Former Judge of the Supreme Court, Justice Séamus Henchy has died aged 91.
The Judge, whose many rulings helped shape constitutional law in Ireland, passed away yesterday and is survived by his wife Averil.
Born in December 1917 in Clare, Henchy studied at University College Galway and University College Dublin before being called to the Bar in 1943. He was Professor of Roman Law, Jurisprudence, and Legal History in UCD from 1948 to 1962 before being appointed a High Court judge.
Ten years later he was called to the Supreme Court where he served until 1988. He was also chairman of the Mental Illness Commission in the 1960s and served five years as first chairman of the Independent Radio and Television Commission from 1988.

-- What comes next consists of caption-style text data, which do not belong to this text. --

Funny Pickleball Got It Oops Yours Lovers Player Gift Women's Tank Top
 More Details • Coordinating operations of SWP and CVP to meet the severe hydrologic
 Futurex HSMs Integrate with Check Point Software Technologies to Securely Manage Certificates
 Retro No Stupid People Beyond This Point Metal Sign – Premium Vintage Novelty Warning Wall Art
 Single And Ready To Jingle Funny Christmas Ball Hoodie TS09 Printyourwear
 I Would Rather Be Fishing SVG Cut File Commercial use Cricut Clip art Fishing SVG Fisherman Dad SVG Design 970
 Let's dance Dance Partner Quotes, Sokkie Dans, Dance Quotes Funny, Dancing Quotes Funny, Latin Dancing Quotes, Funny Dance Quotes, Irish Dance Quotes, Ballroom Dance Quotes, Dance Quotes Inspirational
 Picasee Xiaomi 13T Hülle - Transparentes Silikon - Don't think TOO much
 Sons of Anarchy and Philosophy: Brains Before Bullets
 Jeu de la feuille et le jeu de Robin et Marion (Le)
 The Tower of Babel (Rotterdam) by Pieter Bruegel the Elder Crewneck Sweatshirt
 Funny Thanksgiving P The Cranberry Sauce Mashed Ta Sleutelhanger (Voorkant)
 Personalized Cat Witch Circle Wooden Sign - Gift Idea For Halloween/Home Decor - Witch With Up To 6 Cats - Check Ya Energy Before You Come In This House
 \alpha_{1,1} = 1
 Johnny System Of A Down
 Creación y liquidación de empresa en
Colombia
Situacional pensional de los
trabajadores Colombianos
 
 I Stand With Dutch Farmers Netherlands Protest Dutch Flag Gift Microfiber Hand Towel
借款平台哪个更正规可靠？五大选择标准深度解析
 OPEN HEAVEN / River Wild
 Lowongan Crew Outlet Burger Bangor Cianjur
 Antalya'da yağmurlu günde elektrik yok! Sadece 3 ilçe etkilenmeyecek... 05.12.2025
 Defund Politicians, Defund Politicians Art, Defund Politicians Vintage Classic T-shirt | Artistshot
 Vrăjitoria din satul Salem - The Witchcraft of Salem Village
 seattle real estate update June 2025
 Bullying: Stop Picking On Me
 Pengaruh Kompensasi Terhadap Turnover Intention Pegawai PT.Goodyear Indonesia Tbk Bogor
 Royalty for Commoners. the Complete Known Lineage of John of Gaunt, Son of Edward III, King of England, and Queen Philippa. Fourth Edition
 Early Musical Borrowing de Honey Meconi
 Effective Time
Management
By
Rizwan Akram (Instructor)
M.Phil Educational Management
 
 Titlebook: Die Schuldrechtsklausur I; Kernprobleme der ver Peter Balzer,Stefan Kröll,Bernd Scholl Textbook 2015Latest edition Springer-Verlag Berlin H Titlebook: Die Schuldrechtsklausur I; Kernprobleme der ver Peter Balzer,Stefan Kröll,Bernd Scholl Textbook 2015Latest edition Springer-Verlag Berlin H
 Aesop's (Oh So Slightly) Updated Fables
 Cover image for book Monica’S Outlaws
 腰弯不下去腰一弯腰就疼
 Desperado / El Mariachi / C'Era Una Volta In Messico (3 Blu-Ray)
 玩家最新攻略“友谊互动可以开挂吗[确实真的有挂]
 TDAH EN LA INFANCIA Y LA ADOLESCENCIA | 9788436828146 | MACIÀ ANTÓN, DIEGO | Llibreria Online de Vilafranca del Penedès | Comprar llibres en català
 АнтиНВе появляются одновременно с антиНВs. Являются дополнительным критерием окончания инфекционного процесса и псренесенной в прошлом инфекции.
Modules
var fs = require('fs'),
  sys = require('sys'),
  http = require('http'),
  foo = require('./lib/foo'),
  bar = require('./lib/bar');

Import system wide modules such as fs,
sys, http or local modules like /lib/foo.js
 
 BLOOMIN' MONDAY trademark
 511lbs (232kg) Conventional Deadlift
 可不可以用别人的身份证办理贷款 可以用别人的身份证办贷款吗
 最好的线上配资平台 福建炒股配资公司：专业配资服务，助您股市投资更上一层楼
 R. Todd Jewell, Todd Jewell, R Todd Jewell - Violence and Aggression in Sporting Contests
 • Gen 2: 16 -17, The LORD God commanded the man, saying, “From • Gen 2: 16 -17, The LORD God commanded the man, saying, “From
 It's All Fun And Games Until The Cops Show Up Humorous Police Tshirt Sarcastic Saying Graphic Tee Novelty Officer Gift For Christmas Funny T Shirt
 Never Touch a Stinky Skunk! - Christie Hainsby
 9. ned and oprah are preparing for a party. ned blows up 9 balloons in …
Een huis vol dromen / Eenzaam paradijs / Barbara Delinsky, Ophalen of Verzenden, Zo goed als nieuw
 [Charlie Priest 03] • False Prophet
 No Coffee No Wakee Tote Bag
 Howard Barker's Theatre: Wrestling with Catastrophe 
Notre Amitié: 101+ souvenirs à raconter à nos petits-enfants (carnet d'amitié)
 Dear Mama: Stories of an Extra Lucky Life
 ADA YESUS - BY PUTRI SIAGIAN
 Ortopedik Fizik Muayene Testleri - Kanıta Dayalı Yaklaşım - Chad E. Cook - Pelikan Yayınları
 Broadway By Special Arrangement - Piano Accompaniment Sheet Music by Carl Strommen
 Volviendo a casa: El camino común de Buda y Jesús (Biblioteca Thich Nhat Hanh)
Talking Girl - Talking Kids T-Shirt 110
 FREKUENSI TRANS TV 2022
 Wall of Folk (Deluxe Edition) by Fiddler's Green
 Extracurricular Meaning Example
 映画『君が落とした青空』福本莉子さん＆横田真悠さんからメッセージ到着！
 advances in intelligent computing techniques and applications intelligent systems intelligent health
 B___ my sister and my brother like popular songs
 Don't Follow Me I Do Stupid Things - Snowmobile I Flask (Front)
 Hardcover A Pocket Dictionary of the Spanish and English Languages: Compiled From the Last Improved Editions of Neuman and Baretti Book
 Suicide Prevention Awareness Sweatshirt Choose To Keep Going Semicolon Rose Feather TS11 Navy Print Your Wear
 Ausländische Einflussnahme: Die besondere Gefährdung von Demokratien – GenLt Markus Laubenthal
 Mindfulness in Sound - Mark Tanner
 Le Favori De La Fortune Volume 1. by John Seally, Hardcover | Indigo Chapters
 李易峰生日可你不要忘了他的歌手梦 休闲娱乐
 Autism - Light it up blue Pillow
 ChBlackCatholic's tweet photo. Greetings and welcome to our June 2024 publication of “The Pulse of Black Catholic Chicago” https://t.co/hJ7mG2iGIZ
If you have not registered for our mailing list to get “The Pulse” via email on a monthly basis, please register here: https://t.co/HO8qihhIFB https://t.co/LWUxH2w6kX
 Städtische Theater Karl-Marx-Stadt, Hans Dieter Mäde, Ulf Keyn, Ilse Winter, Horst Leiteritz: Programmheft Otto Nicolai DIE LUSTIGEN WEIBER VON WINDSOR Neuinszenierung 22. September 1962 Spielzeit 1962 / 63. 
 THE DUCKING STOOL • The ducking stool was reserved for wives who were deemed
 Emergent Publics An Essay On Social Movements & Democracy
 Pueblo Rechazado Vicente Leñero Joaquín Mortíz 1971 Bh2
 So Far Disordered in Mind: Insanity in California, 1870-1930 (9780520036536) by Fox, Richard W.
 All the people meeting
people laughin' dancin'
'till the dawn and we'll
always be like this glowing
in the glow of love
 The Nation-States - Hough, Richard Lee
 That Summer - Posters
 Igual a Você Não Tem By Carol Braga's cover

He was considered a leading light in the Supreme Court and is well known for his dissenting judgment in the Norris case in 1983. The majority of the Court upheld the laws criminalising homosexuality, but, in an eloquent and sensitive judgment, Henchy came down on the side of humanity.
He presided over the Arms Trial in 1970 and his inclusion in the judgment in the McGee case in 1973 ended the ban on the import of contraceptives when the court found the law was repugnant to the Constitution.
And in the Crotty Case, in 1987, Henchy's inclusion in the Supreme Court's majority judgment ensured that Irish people were allowed to vote on the Single European Act and all other EU treaties that followed.
Henchy's removal to St Patrick's Church, Monkstown will take place tomorrow and funeral mass will on Wednesday morning at 10am, with burial at Shanganagh Cemetery.